> Requirement
Down to the last line, the material below should be reproduced exactly.

> Stored data

= = =

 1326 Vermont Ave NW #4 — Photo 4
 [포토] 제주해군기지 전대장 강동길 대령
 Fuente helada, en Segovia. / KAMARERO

= = =

> Answer space
 1326 Vermont Ave NW #4 — Photo 4
 [포토] 제주해군기지 전대장 강동길 대령
 Fuente helada, en Segovia. / KAMARERO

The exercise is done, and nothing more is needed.